Urteil Dieselskandal

Vor dem Landgericht Augsburg erging ein einmaliges Urteil: VW soll dem Besitzer eines Volkswagen Golf TDI 1.6 den vollen Kaufpreis ohne Abzug erstatten.

Der Besitzer ist seit 40 Jahren treuer VW-Kunde und war empört, als er erfuhr, dass sein im Jahre 2012 gekaufter Golf mit einer Betrugssoftware versehen war. Er reichte Klage vor dem Landgericht Augsburg ein.

Nun wurde das Urteil verkündigt, das deutschlandweit für Aufsehen sorgt.

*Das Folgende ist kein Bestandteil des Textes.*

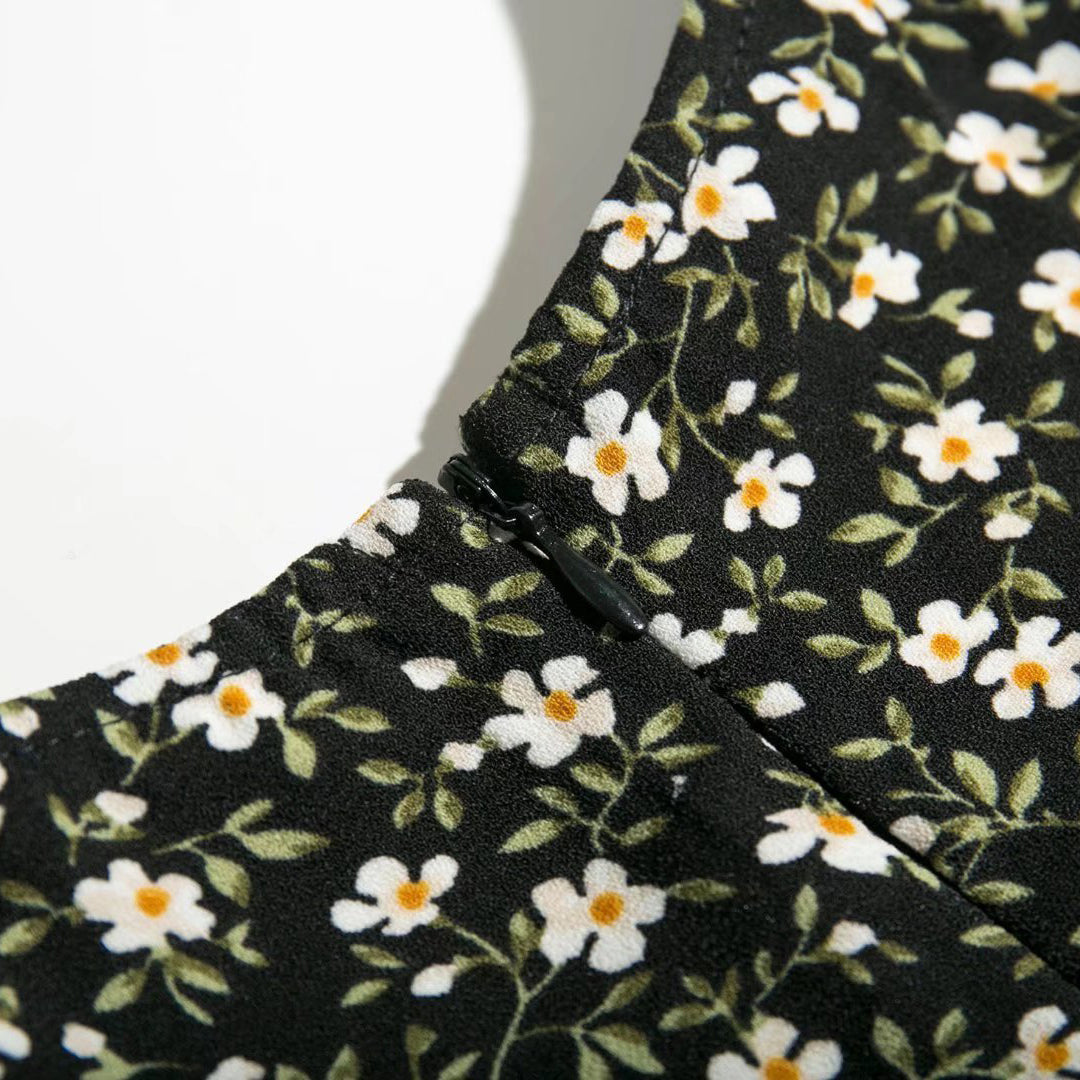 Puff Sleeve Midi Dress with Thigh Slit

Es ist das erste Mal, dass VW dazu verurteilt wurde, den vollen Kaufpreis zurückzuerstatten. Laut dem Urteil erhält der Golfbesitzer den Kaufpreis in Höhe von 29907,66 EUR erstattet und gibt im Gegenzug seinen Wagen zurück. Zudem erhält er Zinsen. Bei allen bisher ergangenen Urteilen wurde eine sogenannte Nutzungsentschädigung vom Kaufpreis abgezogen. Die Nutzungsentschädigung berechnet sich aus der Zahl der gefahrenen Kilometer und kann sich in einzelnen Fällen auf einen bis zu vierstelligen Betrag summieren.

Das Landgericht Augsburg geht in seinem Urteil von einem sittenwidrigen Verhalten der Volkswagen AG aus. Der Konzern habe mit der Betrugssoftware das Ziel verfolgt, Kunden zu täuschen um Umsatz und Gewinn zu erzielen. Nach § 826 BGB ist der Konzern daher zu Schadenersatz verpflichtet.

Das Urteil ist derzeit noch nicht rechtskräftig.